Task item —
Since only the written part is wanted, repeat the records exactly and omit the pictures.

*** Supplied data ***

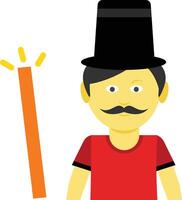 A man with a mustache and a top hat vector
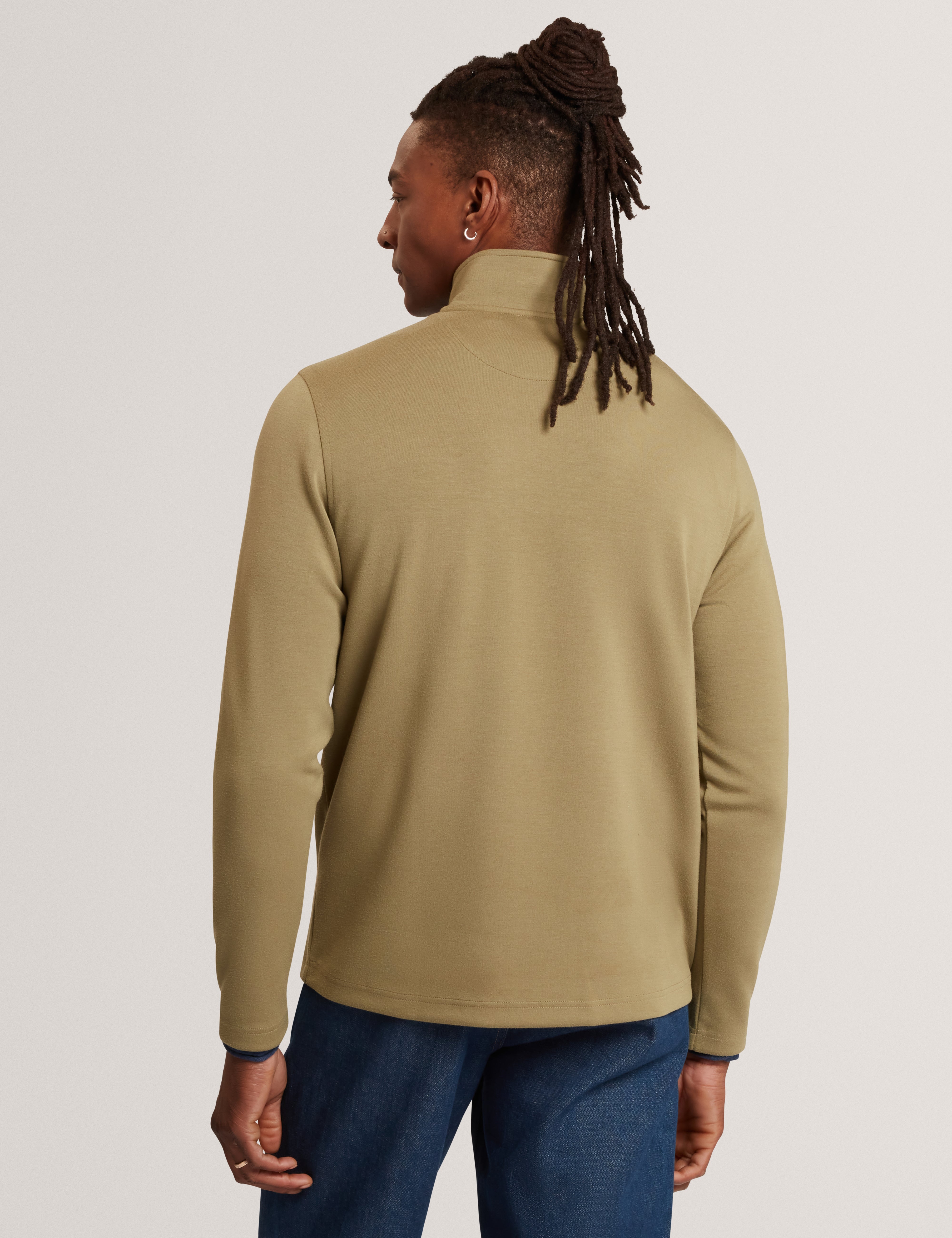 Viktoro T Stitch Contrast Panel Half-Zip Khaki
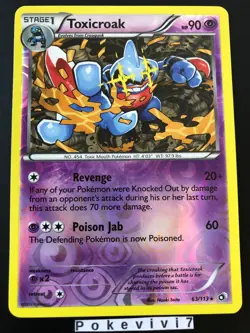 Carte Pokemon TOXICROAK 63/113 Rare REVERSE Noir et Blanc N&B ENGLISH NEUF - Image 1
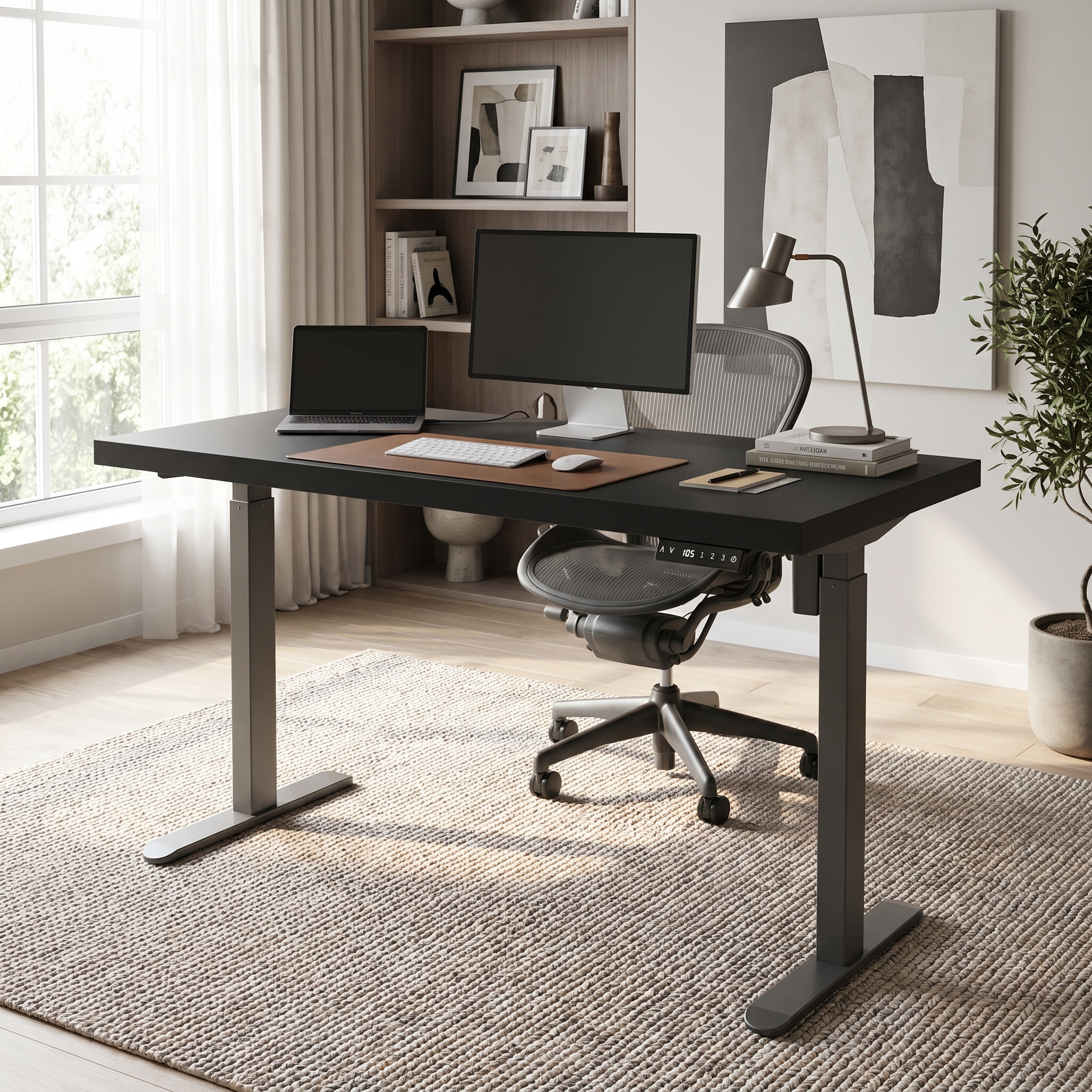 Asti Electric Standing Desk w Charger, 1.4M, Black & Grey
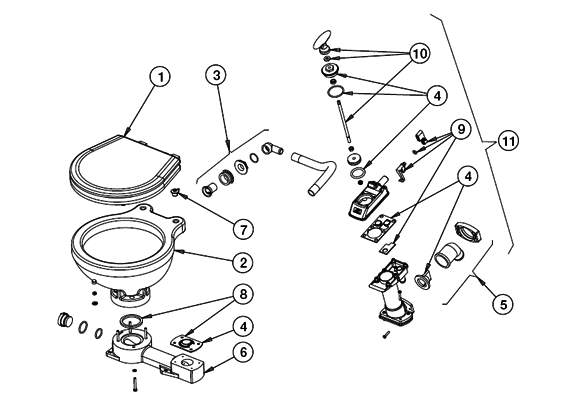 Johnson Pump space saver porseleinen pot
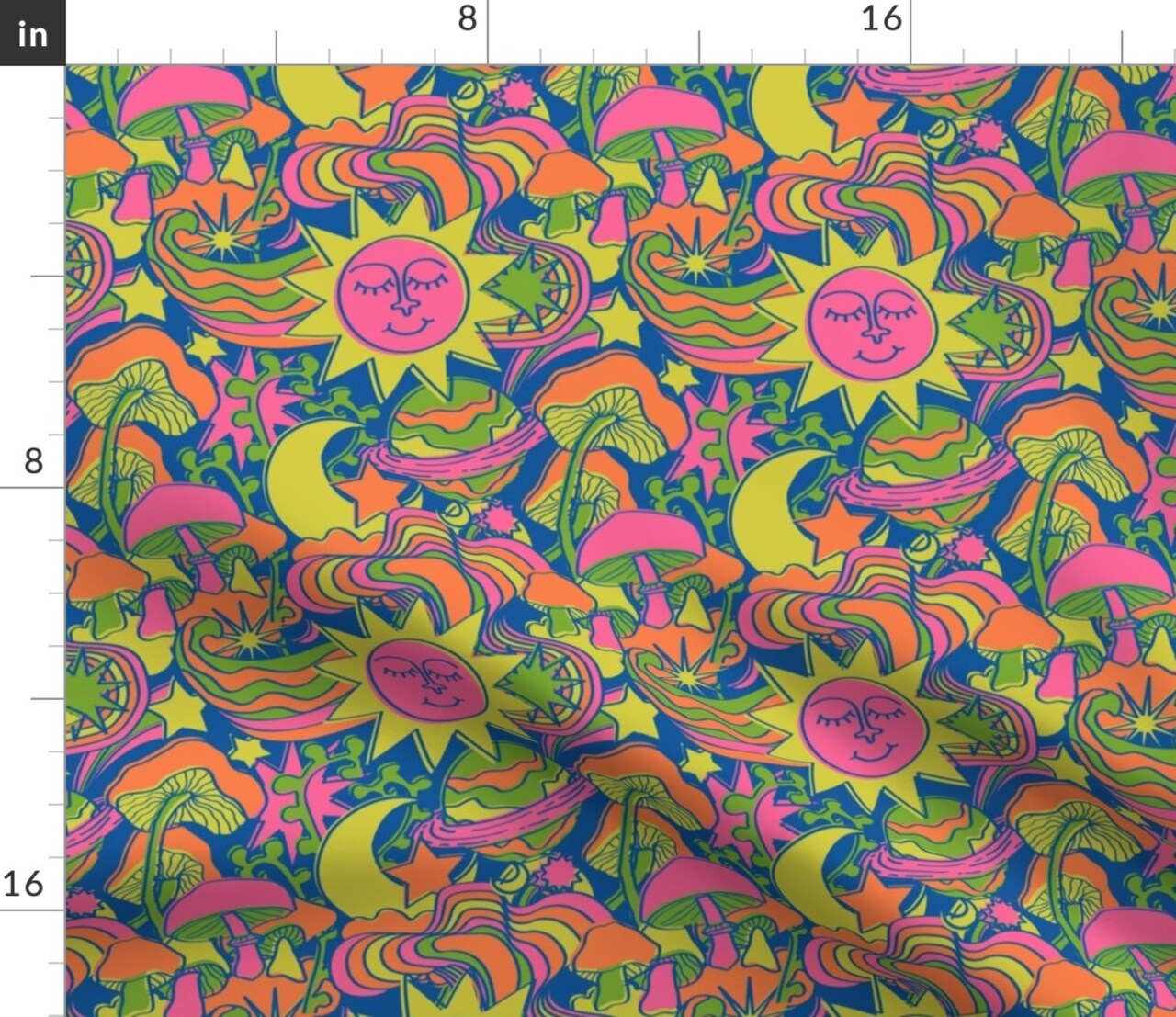 Neon Suns Blue Groovy 70S 1970S Retro Whimsical Moon Stars Boho Colorful Hippie Custom Printed Fabric by Spoonflower Various Fabrics by the Yard or Fat Quarter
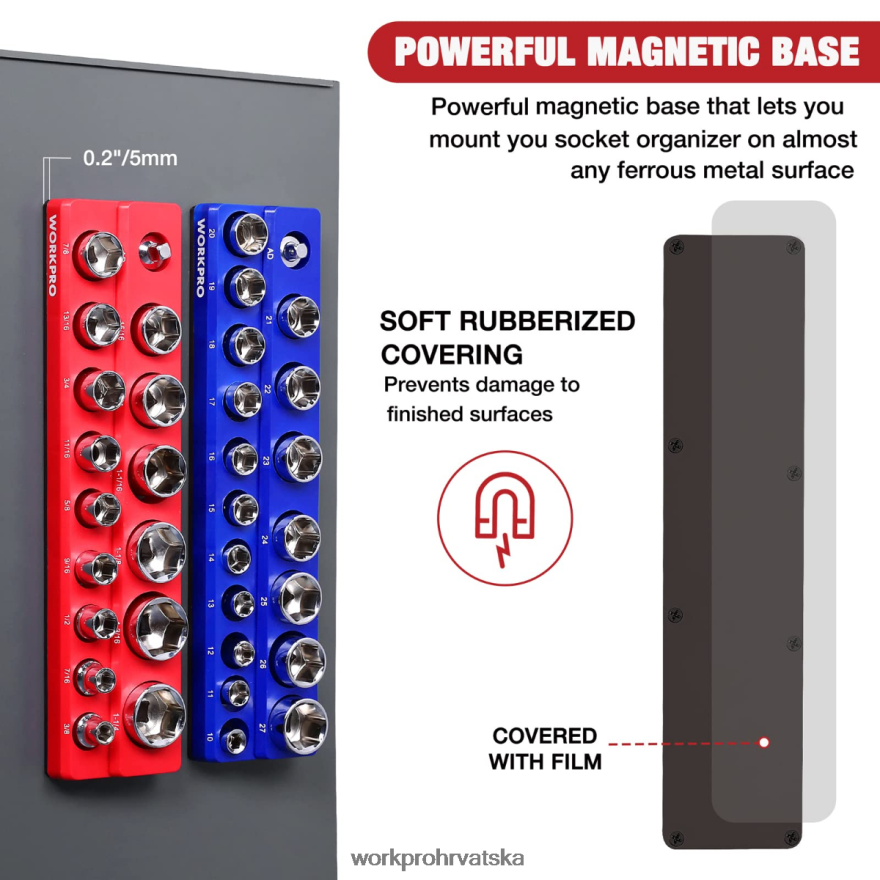 set organizatora magnetskih utičnica 404RPX131 novi WORKPRO alat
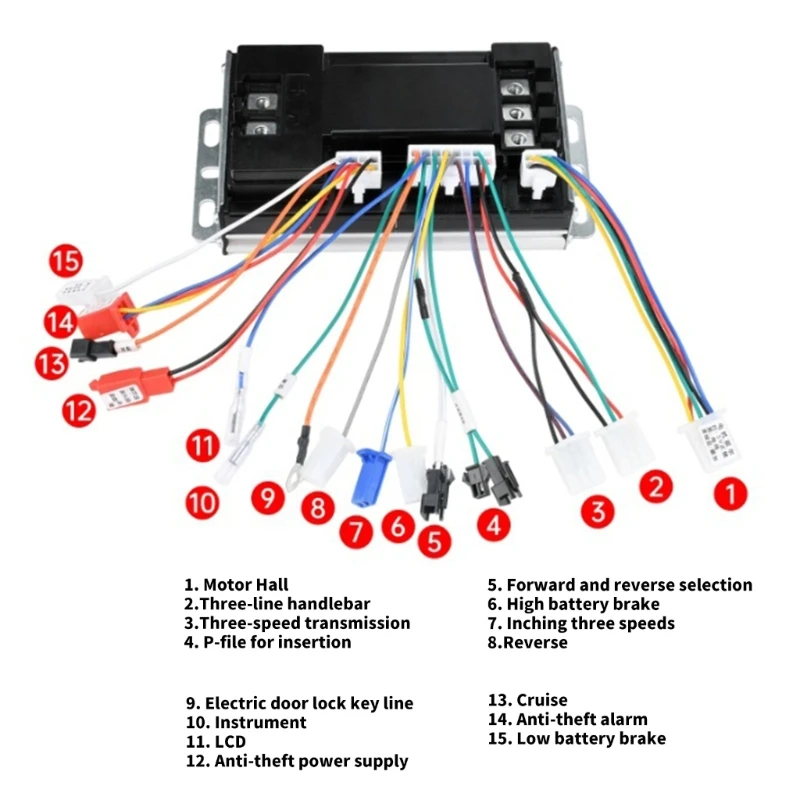 Three-Mode Electric Bike Controller for Brushless Motor Replacement, 50A Power Class with Aluminum Shell for Workshop and 448A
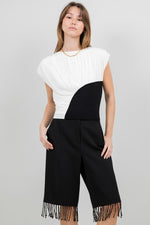 Power Mesh & Knitted Combo Top With Shoulder Pads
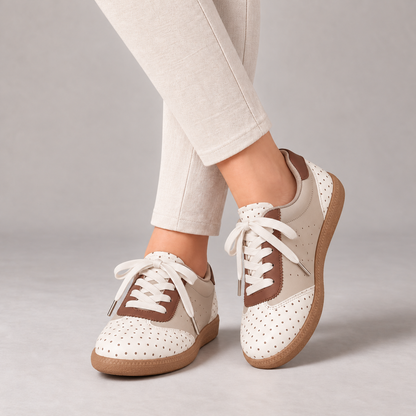 Isla Cushioned Lace-Up Walking Sneakers — Ivory / Sand | Emory & Blanc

*** End of Supplied data ***

Exercise answer —
 A man with a mustache and a top hat vector
 Viktoro T Stitch Contrast Panel Half-Zip Khaki
 Carte Pokemon TOXICROAK 63/113 Rare REVERSE Noir et Blanc N&B ENGLISH NEUF - Image 1
 Asti Electric Standing Desk w Charger, 1.4M, Black & Grey
 Johnson Pump space saver porseleinen pot
 Neon Suns Blue Groovy 70S 1970S Retro Whimsical Moon Stars Boho Colorful Hippie Custom Printed Fabric by Spoonflower Various Fabrics by the Yard or Fat Quarter
 set organizatora magnetskih utičnica 404RPX131 novi WORKPRO alat
 Three-Mode Electric Bike Controller for Brushless Motor Replacement, 50A Power Class with Aluminum Shell for Workshop and 448A
 Power Mesh & Knitted Combo Top With Shoulder Pads
 Isla Cushioned Lace-Up Walking Sneakers — Ivory / Sand | Emory & Blanc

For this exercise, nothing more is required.